▶ [DATASET ENTRIES]
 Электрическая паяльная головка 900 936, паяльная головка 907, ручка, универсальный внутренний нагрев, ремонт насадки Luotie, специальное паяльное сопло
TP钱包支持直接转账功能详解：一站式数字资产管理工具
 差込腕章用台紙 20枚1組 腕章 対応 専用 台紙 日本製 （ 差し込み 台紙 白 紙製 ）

---

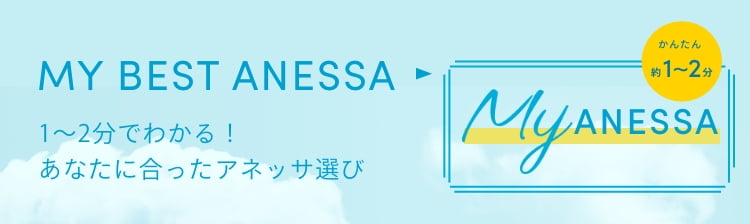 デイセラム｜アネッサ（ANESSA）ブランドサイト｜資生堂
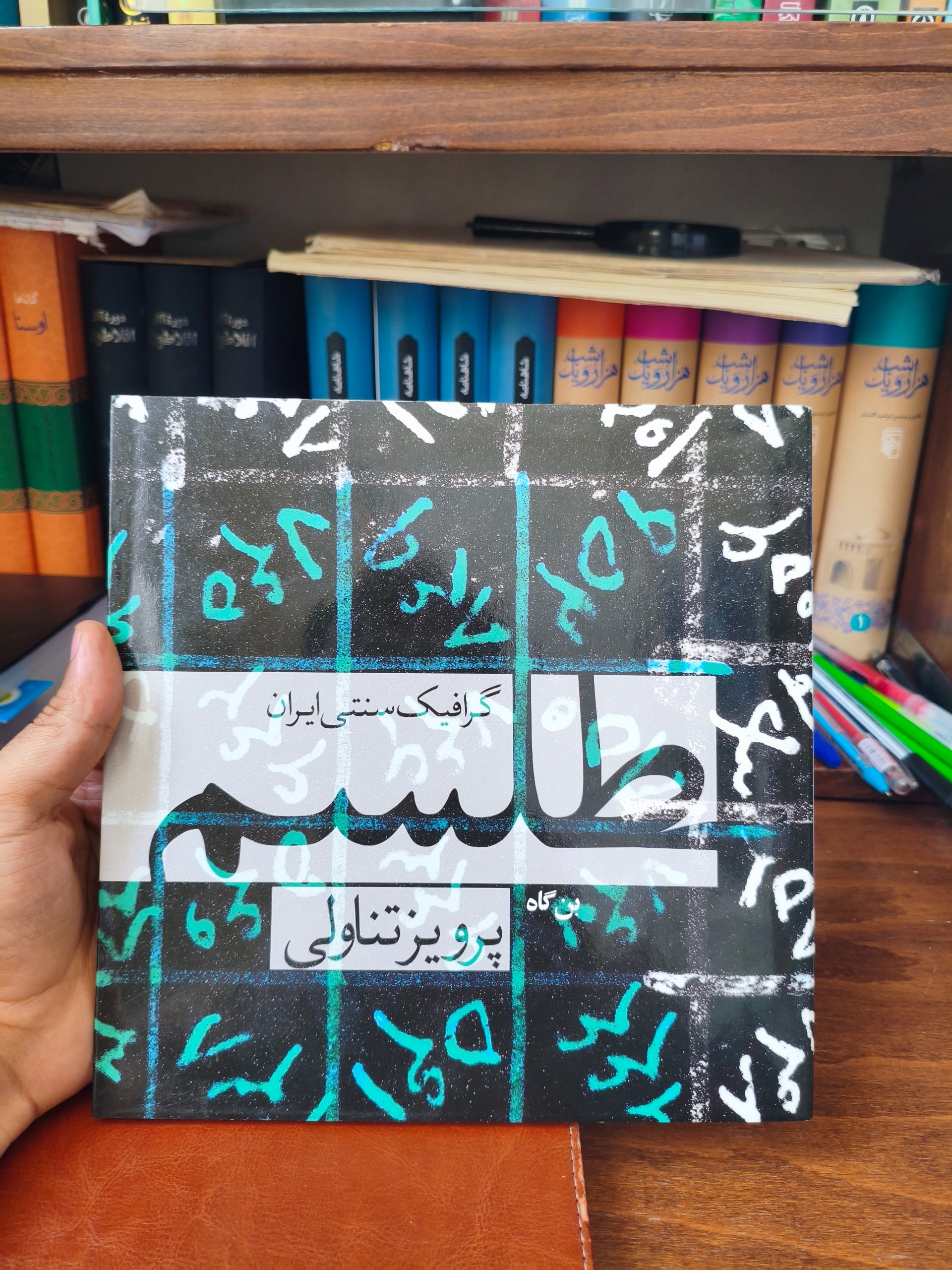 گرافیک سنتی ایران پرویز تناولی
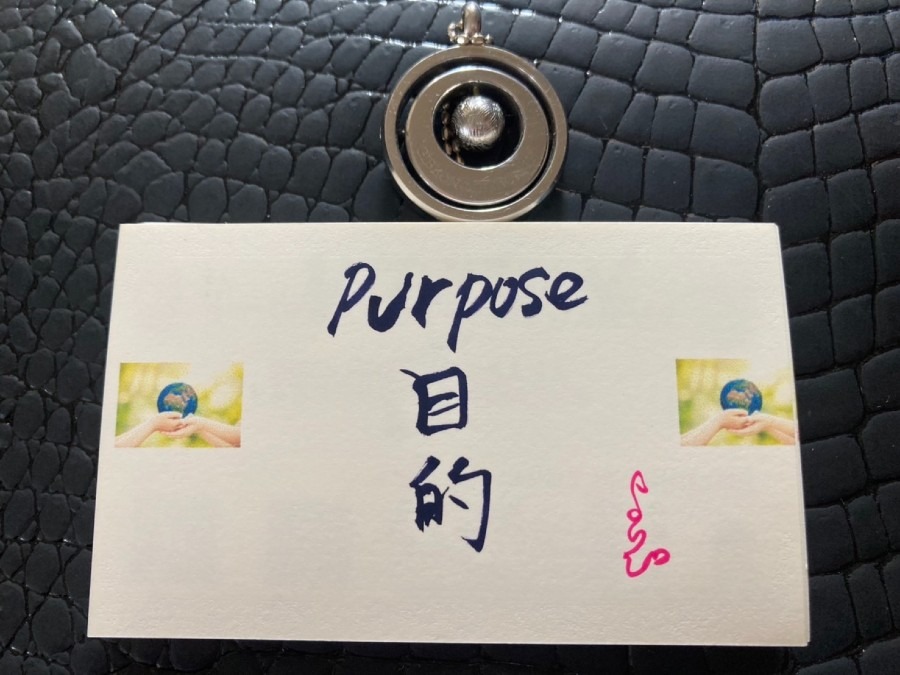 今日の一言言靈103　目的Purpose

---

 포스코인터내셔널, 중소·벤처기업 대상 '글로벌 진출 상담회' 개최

▶ [PROBLEM STATEMENT]
How would the lines above read from the one with "デイセラム｜アネッサ（ANESSA）ブランドサイト｜資生堂" to the one with "今日の一言言靈103　目的Purpose", inclusive, with no pictures? Write them out exactly.

▶ [RESULT OF THE EXERCISE]
 デイセラム｜アネッサ（ANESSA）ブランドサイト｜資生堂
 گرافیک سنتی ایران پرویز تناولی
 今日の一言言靈103　目的Purpose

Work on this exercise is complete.